The first experiments on wireless power transfer were performed by the engineer Nikola Tesla at the end of the 19th century. As described in [19], he was able to transmit power with microwaves between two objects 48 km apart. Another of Tesla’s experiments consisted in powering 200 bulbs without cables, from a power source located 25 miles away. For these experiments, issues related to human and electrical safety were not considered.
It was not until the 21st century that the research community regained an interest in WPT systems. This renewed motivation was driven by the development of power converters in that period, which allowed the use of frequency in the range of dozens of kHz and kW operations. This had not been possible previously.
In this new trend, the technology was initially referred to as Contactless Energy Transfer (CET). However, wireless power transfer
ultimately became the accepted term.
WPT technology is now a reality. We find this technology supported in commercial products such as electric toothbrushes, power mats for mobile phones and even chargers for electric vehicles (EVs). In 2017, 450 million units incorporating this capability were sold globally, primarily in smartphones, smartwatches and small home appliances. This figure represented a 75% increase on sales recorded the previous year. This significant increase is expected to continue in the near future. In fact, IHS Markit predicts that this market sector will grow to more than 2.2 billion units by 2023 [3]. This expansion will also have significant economic benefits: Navigant Research estimates that the revenue from wireless chargers will be close to 17.9 billion dollars by 2024 [2].
If we focus more closely on WPT applications, we can observe that they are implemented in diverse ways. Consequently, WPT systems can be classified according to the following criteria (please refer to Fig. 1.1):
Transferred power. WPT systems comprise applications for transmitting low power (up to 1 kW), medium power (1–100 kW) and high power (more than 100 kW). The power requirement of the application greatly impacts on the system design.
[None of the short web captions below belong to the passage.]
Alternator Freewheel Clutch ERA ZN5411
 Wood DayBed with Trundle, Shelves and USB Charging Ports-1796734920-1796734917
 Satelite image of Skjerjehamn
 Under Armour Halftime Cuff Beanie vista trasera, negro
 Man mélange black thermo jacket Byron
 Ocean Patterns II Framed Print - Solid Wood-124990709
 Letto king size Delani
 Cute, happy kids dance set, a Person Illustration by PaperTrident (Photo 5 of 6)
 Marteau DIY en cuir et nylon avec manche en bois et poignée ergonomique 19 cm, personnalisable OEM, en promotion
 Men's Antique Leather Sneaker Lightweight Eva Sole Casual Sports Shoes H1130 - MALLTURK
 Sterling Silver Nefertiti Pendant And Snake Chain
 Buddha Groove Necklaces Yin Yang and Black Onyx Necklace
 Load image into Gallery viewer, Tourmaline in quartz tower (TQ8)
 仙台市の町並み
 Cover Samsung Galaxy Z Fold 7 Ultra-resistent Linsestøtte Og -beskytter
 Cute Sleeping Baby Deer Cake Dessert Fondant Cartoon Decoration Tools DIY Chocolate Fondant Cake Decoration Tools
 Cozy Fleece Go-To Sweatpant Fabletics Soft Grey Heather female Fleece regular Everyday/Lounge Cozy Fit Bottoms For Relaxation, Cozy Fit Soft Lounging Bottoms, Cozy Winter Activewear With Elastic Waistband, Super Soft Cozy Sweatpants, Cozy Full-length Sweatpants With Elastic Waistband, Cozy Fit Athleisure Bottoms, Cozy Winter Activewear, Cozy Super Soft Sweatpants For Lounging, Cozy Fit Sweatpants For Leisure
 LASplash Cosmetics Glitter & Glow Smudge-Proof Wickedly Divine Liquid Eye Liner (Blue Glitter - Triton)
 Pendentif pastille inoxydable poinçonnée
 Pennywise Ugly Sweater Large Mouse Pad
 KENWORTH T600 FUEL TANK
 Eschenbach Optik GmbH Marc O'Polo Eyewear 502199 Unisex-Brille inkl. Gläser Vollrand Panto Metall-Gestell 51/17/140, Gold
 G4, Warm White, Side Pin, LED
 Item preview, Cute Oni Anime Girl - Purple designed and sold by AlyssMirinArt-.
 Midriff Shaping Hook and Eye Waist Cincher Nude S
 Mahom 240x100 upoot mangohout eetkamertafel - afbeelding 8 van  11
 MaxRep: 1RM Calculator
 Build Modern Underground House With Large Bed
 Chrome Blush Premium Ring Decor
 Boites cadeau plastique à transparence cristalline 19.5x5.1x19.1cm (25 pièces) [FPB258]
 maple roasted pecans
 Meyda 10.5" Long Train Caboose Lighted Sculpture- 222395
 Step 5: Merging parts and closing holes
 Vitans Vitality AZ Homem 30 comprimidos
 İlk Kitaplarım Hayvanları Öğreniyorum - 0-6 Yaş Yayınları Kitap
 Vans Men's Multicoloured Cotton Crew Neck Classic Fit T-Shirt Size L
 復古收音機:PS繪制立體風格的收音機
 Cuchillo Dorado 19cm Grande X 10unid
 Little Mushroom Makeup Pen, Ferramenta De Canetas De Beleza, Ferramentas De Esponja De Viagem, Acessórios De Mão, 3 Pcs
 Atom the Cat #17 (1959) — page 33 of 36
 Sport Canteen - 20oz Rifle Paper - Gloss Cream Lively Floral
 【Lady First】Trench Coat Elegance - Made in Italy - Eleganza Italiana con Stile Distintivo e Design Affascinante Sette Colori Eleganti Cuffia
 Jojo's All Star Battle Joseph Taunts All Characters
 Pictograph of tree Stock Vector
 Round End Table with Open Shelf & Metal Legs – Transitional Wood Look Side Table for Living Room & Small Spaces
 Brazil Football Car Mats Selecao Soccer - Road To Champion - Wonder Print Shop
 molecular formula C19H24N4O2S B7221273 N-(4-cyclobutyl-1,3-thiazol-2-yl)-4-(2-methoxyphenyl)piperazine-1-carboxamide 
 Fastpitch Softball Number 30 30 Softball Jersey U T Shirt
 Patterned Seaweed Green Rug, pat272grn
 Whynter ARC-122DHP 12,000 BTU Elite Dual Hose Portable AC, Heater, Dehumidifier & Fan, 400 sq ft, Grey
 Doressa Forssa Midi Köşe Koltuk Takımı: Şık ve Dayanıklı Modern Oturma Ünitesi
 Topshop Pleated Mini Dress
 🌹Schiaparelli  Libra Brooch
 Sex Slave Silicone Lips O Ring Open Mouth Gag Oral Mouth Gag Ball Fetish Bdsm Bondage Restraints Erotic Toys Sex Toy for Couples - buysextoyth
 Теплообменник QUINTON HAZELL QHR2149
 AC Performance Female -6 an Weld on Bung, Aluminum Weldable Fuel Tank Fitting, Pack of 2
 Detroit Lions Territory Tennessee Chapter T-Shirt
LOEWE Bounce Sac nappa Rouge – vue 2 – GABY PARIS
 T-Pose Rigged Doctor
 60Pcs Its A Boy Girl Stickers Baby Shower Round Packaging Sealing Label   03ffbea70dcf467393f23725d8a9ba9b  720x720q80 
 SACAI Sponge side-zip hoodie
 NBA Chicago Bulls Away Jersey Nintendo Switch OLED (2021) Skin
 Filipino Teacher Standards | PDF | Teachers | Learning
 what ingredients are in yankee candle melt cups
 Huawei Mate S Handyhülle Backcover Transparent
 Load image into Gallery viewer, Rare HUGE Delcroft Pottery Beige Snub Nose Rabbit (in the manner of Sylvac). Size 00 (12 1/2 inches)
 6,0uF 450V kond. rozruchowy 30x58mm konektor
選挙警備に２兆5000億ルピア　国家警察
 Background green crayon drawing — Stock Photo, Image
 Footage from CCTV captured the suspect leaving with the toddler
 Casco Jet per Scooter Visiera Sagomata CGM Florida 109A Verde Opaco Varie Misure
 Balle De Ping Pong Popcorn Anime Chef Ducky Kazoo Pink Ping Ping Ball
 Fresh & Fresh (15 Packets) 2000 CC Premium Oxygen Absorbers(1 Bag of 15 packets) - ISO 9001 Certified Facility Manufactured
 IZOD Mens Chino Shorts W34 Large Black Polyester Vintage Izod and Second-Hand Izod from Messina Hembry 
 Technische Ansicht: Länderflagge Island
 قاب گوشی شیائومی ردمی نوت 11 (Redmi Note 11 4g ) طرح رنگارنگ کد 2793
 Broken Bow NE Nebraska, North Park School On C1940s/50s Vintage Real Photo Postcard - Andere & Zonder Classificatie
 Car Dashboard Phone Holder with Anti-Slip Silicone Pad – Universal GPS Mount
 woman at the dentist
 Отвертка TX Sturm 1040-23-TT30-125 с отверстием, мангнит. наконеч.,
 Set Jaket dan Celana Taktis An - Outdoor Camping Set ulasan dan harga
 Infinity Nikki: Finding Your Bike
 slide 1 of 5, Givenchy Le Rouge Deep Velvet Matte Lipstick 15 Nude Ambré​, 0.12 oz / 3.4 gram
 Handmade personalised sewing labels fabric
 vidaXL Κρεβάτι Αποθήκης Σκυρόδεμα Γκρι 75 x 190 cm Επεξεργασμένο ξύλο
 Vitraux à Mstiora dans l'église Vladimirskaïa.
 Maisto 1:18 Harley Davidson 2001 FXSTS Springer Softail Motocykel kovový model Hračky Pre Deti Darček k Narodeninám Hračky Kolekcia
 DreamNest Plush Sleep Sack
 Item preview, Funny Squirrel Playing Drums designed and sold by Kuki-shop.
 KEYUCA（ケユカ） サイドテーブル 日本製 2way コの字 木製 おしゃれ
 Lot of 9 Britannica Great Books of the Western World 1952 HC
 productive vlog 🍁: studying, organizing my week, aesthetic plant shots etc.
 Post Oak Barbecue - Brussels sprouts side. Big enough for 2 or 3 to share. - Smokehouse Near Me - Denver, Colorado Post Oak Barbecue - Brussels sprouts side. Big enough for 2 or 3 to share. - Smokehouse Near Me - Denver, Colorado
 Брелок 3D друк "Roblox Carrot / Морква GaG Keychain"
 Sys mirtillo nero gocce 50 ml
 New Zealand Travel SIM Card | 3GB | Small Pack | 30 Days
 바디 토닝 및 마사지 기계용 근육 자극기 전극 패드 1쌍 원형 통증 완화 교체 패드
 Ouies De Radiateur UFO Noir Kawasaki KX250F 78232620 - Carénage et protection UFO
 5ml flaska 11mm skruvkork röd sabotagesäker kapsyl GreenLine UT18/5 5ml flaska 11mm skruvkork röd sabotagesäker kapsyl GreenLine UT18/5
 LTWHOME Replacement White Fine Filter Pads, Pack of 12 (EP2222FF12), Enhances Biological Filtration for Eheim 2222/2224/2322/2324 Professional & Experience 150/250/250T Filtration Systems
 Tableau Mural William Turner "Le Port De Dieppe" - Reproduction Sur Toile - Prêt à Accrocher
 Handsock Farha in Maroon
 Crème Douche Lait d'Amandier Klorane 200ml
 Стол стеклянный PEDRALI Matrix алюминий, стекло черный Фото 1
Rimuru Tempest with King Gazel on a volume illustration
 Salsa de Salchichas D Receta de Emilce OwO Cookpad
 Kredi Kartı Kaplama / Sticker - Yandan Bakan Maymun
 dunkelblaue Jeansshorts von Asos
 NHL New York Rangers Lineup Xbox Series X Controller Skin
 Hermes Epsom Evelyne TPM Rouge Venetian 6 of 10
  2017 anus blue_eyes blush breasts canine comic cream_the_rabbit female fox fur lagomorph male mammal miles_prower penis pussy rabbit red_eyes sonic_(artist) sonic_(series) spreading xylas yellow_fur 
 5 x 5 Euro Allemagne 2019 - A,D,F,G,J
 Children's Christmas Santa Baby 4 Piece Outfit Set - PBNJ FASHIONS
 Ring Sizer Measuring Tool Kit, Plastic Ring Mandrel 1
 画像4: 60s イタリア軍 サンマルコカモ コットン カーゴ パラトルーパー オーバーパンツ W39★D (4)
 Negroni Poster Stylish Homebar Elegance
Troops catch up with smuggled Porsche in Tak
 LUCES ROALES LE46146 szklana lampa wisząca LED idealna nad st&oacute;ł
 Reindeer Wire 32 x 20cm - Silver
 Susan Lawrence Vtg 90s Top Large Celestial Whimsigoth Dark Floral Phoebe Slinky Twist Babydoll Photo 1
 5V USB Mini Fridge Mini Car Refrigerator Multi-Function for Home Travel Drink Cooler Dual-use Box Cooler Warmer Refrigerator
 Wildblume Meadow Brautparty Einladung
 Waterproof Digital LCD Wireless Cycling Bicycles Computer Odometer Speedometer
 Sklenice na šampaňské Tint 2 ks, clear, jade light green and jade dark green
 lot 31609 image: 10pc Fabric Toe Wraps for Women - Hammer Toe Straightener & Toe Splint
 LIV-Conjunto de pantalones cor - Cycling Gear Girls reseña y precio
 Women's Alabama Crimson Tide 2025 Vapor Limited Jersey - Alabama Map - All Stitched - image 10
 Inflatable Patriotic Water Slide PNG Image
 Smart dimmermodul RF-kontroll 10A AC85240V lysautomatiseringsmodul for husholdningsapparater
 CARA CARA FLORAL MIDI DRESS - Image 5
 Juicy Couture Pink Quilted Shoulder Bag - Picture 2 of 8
Thus, for low power applications, efficiency is not as crucial as in other kinds of systems. Instead, transferring the maximum power possible is usually the primary aim of low-power applications.
Uni-directional or bi-directional power transfer. According to this criterion, we can differentiate between WPT systems where the power transfer is always originated by a fixed element where a source is connected. This scheme corresponds to a uni-directional WPT. Alternatively, there are bi-directional systems where the load (a battery or a capacitor) occasionally provides energy to the source.
Gap. This term refers to the distance between the energy transmitter and the receiver. Although all WPT systems avoid cables between these two components, in some applications there must be a contact between them. This is the case with power mats. Alternatively, in some applications the transmitter and the receiver are separated by several centimeters or even meters.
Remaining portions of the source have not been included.